The common law of England gives to the owners of lands adjoining private streams, to the middle of the water. See 4. Burr 2164. 1 Mod. 105. But there is no law in England or here, which gives such owners to the water's edge, or to law water mark only. All the British authorities concur in giving the riparious owners, if the river is public, only to the line of high water markif private, to the middle of the water. It has never been seriously contended in Pennsylvania, that the laws of England, relative to fresh water, or private streams, are applicable to our large rivers. The consequences which would necessarily follow the doctrine, establish its absurdity. Shall the Delaware, Schuylkill, Susquehanna, Mississippi or Ohio only be considered navigable, where the tide flows? And shall the other parts, because the tide does not flow, be private, and be held by individuals without purchase? For there is no grant in the warrant, in the survey, or in the patent, nor is any grant in any manner alledged. The same law which entitles the owner to hold to the middle of the water, gives him also any islands which may arise. 2 Blac. 261. But it is notoriously otherwise in Pennsylvania. Islands, fisheries, ferries, &c. unquestionably belong to the public.

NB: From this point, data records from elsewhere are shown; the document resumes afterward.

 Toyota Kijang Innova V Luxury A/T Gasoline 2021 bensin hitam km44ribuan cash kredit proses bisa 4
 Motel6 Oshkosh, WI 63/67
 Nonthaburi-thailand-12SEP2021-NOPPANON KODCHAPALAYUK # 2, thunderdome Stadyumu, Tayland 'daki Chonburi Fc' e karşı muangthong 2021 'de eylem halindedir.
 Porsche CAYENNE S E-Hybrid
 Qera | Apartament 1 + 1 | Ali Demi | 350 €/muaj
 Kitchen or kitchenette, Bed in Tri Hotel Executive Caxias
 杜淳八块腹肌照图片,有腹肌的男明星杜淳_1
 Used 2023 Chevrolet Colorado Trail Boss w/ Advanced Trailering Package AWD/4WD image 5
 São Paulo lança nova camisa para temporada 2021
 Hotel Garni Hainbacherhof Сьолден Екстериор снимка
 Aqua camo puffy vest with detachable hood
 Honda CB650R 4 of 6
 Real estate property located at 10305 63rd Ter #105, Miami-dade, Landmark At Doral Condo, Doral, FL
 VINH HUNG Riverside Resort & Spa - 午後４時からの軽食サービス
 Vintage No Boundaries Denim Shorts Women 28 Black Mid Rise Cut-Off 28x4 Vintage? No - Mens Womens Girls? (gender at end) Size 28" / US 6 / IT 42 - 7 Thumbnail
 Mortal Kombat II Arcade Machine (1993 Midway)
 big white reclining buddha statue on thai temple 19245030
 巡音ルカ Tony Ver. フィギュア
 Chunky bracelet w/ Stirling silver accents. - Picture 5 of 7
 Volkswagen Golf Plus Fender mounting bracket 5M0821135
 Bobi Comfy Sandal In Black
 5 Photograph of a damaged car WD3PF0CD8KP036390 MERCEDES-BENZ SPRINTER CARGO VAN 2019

It would therefore appear, that there is retained in the commonwealth, the right of soil in all rivers in the commonwealth, fit for navigable purposes; and that right is held to the extent necessary for the free and uninterrupted navigation of such streams. As the rivers are enlarged, by an increase of water, the rights of the commonwealth have a correspondent extention--when they are ordinarily high, or when in the best condition for that species of navigation, for which they are calculated, the right and ownership of the commonwealth, unquestionably, extends from one edge of the water to the other. And the citizens of the commonwealth have an indisputable right, to pass with their boats and craft, over any and every part of its surface. The right of the commonwealth being thus established, it necessarily excludes the existence of any other
for two different rights, in different persons for the same thing cannot exist at the same time. The owners, therefore, of lands situate on the banks of these streams, as the right of the commonwealth is exclusive, hold only to the line of high water mark. This conclusion is sanctioned by the daily exercise of this right on part of the commonwealth, respecting islands, dams, bridges, fisheries, ferries, sand bars, &c.